## [Exercise directions]
For this exercise, retype all the data exactly and exclude every image.

Stored data entries:
━━━━

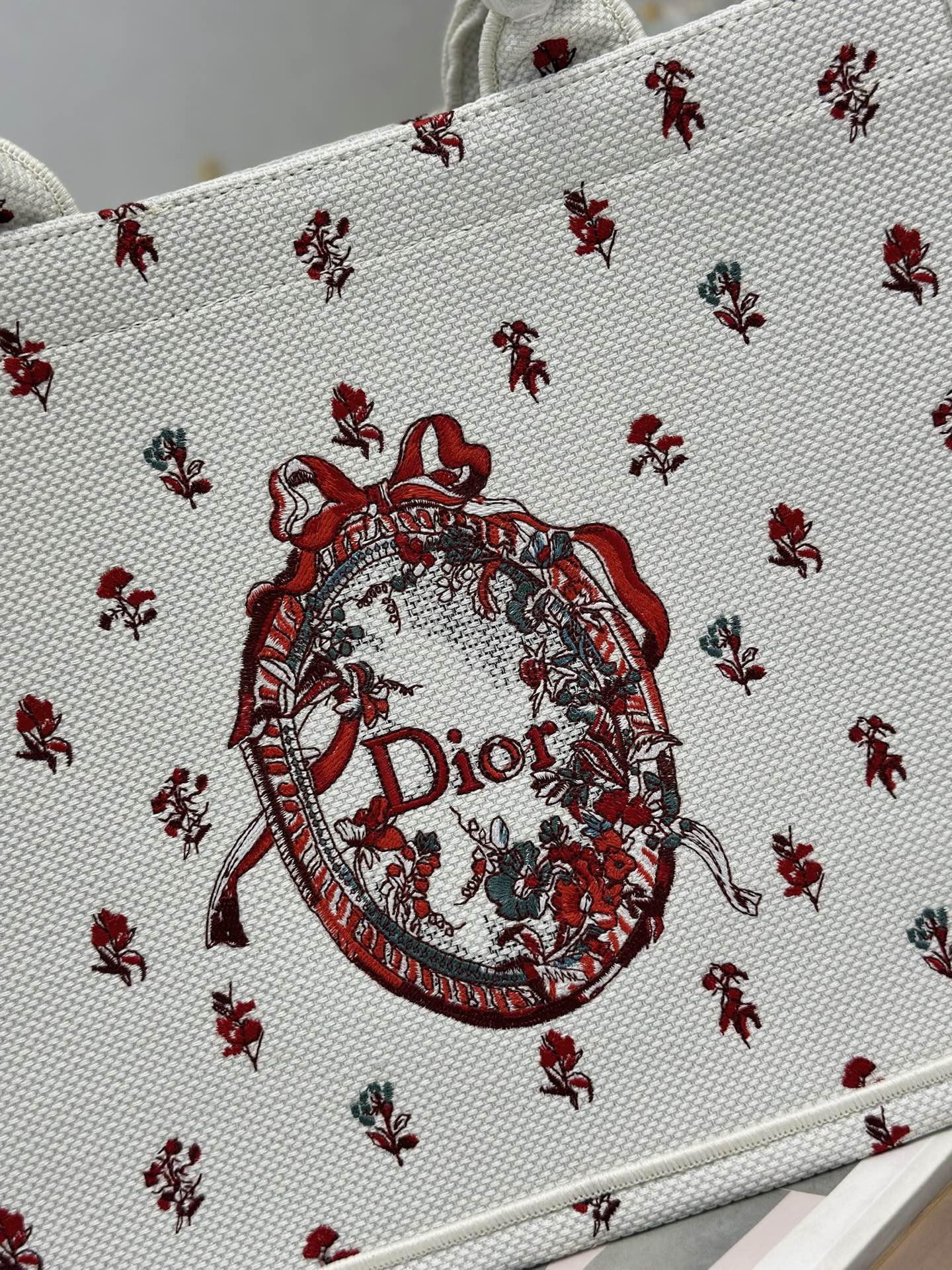 Dior Dior book tote 购物袋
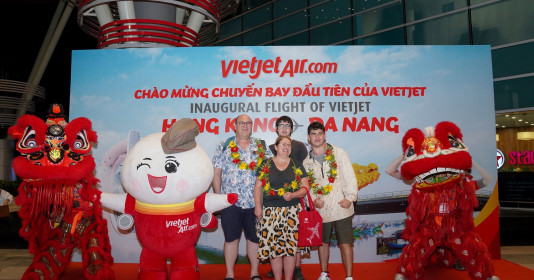 Bay thẳng Hồng Kông từ Phú Quốc, Đà Nẵng cùng các chuyến bay Vietjet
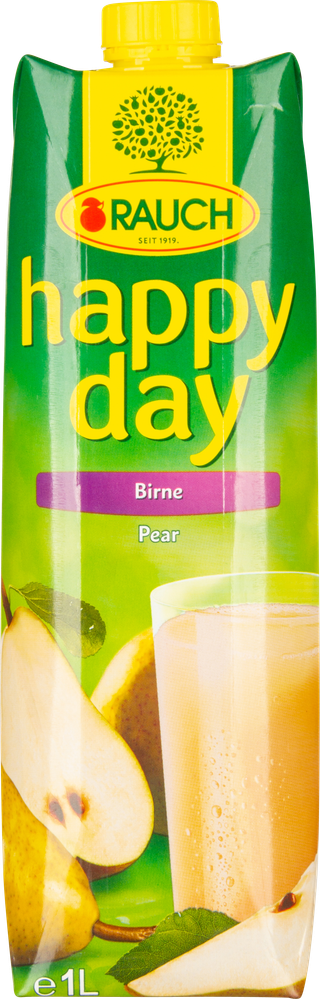 WÖsterreich Happy Day Birnennektar 50% RAUCH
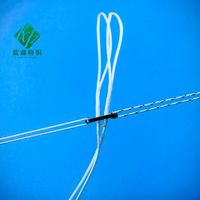 Ruban de suture en UHMWPE réglable et résistant à l'usure - LANXIN LX-0.5MM Polyéthylène à très haut poids moléculaire, super résistant, usage chirurgical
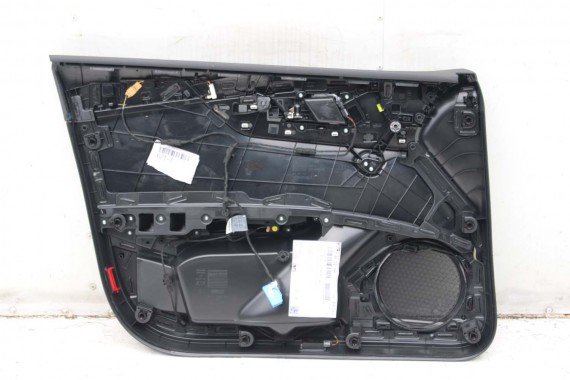 AUDI A4 8W BOCZEK BOCZKI DRZWI drzwiowe tapicerka SEDAN 8W 8W5 B9 skóra kolor czarny 8W1867103 8W1867104 8W0867303 8W0867304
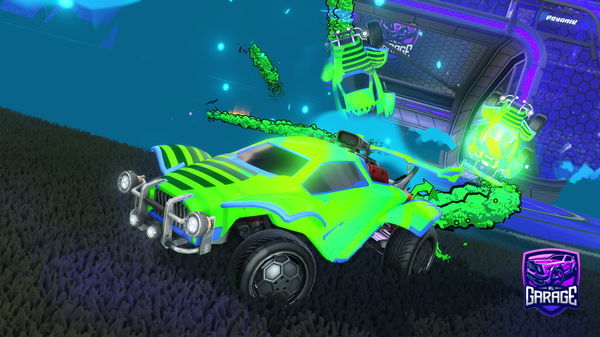 A Rocket League car design from FzNitro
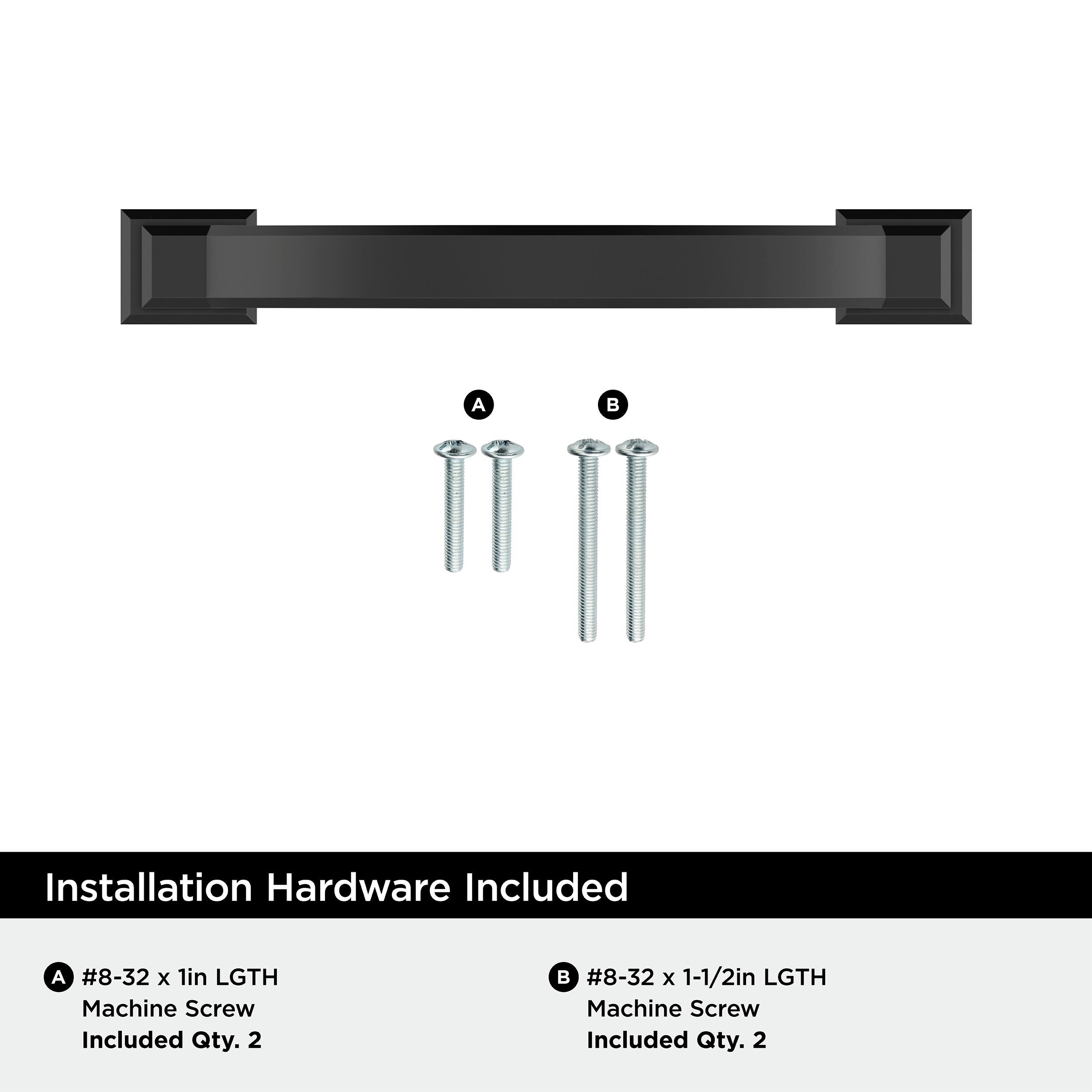 Amerock 10VMP37041MB Cabinet-Pulls - View #3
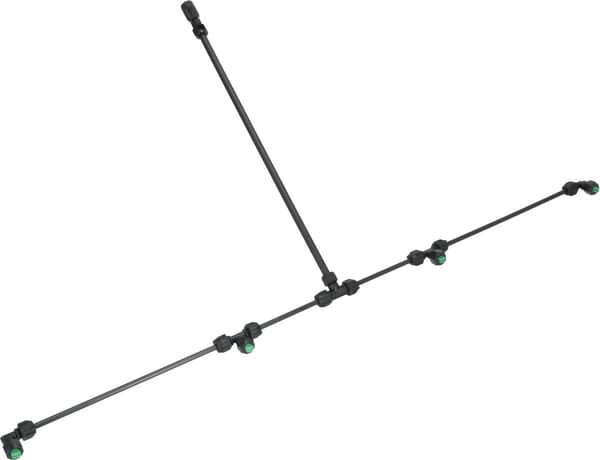 Birchmeier Spritzgestänge, Kunststoff, mit 4 Fächerstrahldüsen, max. 4 bar 11659801SB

━━━━

## [Answer to the exercise]
 Dior Dior book tote 购物袋
 Bay thẳng Hồng Kông từ Phú Quốc, Đà Nẵng cùng các chuyến bay Vietjet
 WÖsterreich Happy Day Birnennektar 50% RAUCH
 Ruban de suture en UHMWPE réglable et résistant à l'usure - LANXIN LX-0.5MM Polyéthylène à très haut poids moléculaire, super résistant, usage chirurgical
 AUDI A4 8W BOCZEK BOCZKI DRZWI drzwiowe tapicerka SEDAN 8W 8W5 B9 skóra kolor czarny 8W1867103 8W1867104 8W0867303 8W0867304
 A Rocket League car design from FzNitro
 Amerock 10VMP37041MB Cabinet-Pulls - View #3
 Birchmeier Spritzgestänge, Kunststoff, mit 4 Fächerstrahldüsen, max. 4 bar 11659801SB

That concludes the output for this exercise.